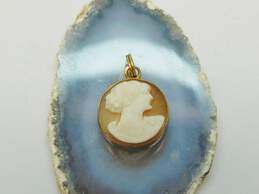 Antique 18K Yellow Gold Dual Sided Carved Shell Cameo Pendant 2.8g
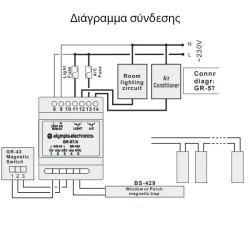 Συσκευή ελέγχου κλιματισμού και φωτισμού GR-57/A 220-240V AC/50-60Hz 5VΑ με καθυστέρηση
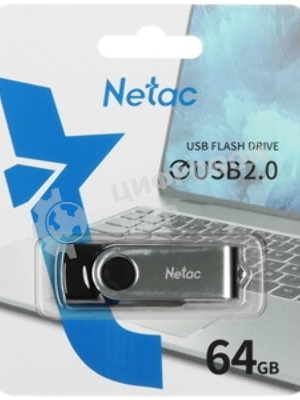 Флешка USB Netac U505 (NT03U505N-064G-20BK), 64Gb, USB 2.0, R/W 70/30, черный/серебристый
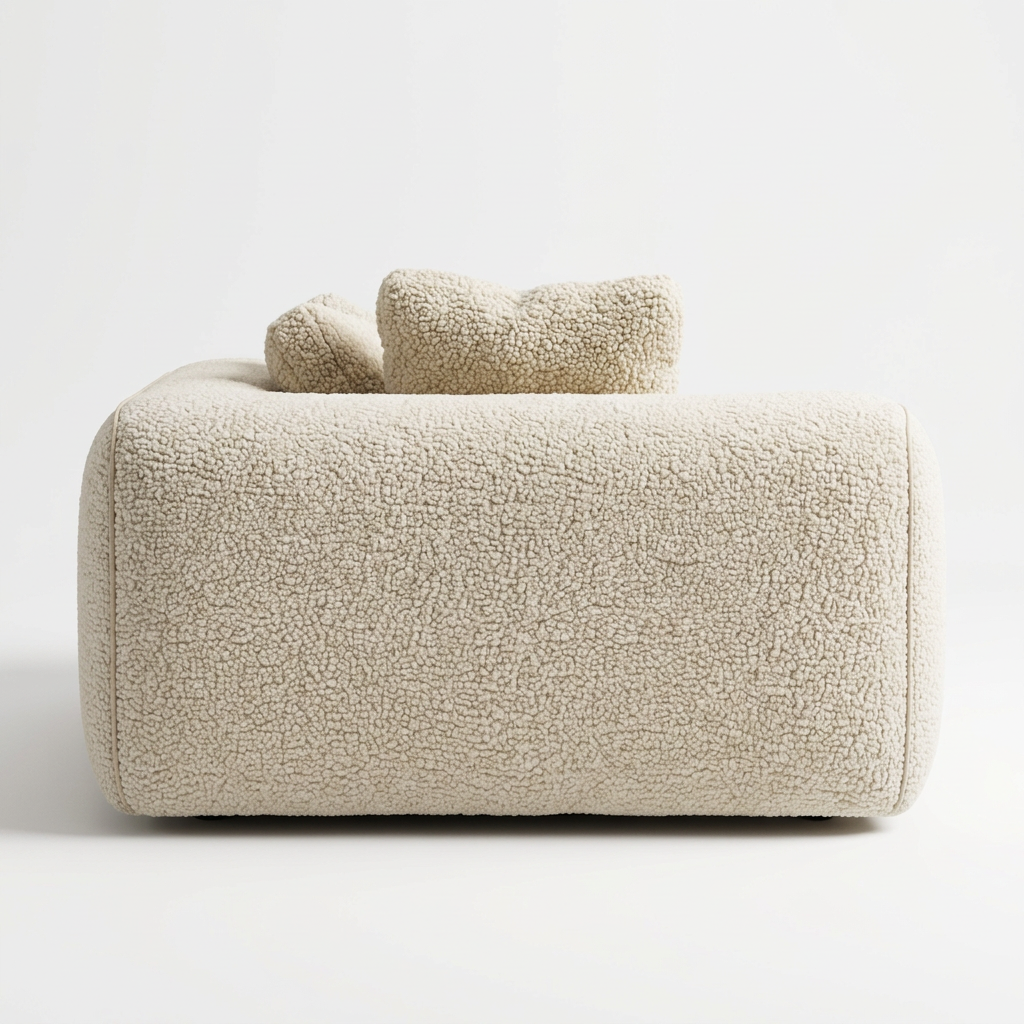 AI-reconstructed rear view of Liora ivory upholstered armchair on white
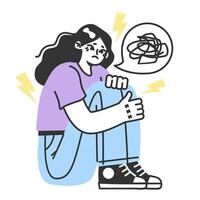 Psychological stress. Character experiencing mental health issues vector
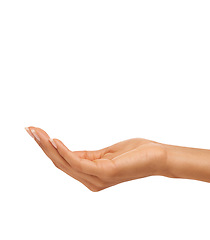 Image showing Woman, hand and wrist in studio with manicure for cosmetics, skincare or nail treatment for wellness. Person, fingers or mock up space for cosmetology, moisturiser and smooth skin on white background
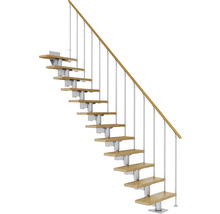 Pertura Mittelholmtreppe Chiron Perlgrau Gerade 75 cm Stabgeländer Eiche Leimholz Lackiert 13 Stufen / 14 Steigungen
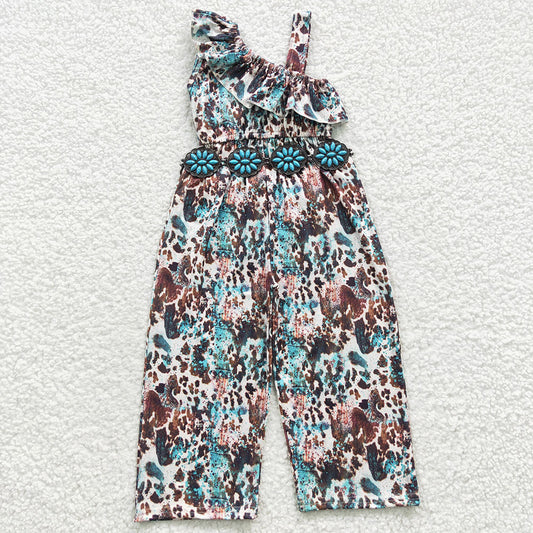 Baby Girls Cow Print Bell Bottom Jumpsuits(can choose belt here)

================

What you should do
Your output should consist solely of the lines from the line containing "Συσκευή ελέγχου κλιματισμού" through the last line of the entries, verbatim, minus any pictures.

Reply to the exercise
 Συσκευή ελέγχου κλιματισμού και φωτισμού GR-57/A 220-240V AC/50-60Hz 5VΑ με καθυστέρηση
 Флешка USB Netac U505 (NT03U505N-064G-20BK), 64Gb, USB 2.0, R/W 70/30, черный/серебристый
 AI-reconstructed rear view of Liora ivory upholstered armchair on white
 Psychological stress. Character experiencing mental health issues vector
 Image showing Woman, hand and wrist in studio with manicure for cosmetics, skincare or nail treatment for wellness. Person, fingers or mock up space for cosmetology, moisturiser and smooth skin on white background
 Pertura Mittelholmtreppe Chiron Perlgrau Gerade 75 cm Stabgeländer Eiche Leimholz Lackiert 13 Stufen / 14 Steigungen
 Baby Girls Cow Print Bell Bottom Jumpsuits(can choose belt here)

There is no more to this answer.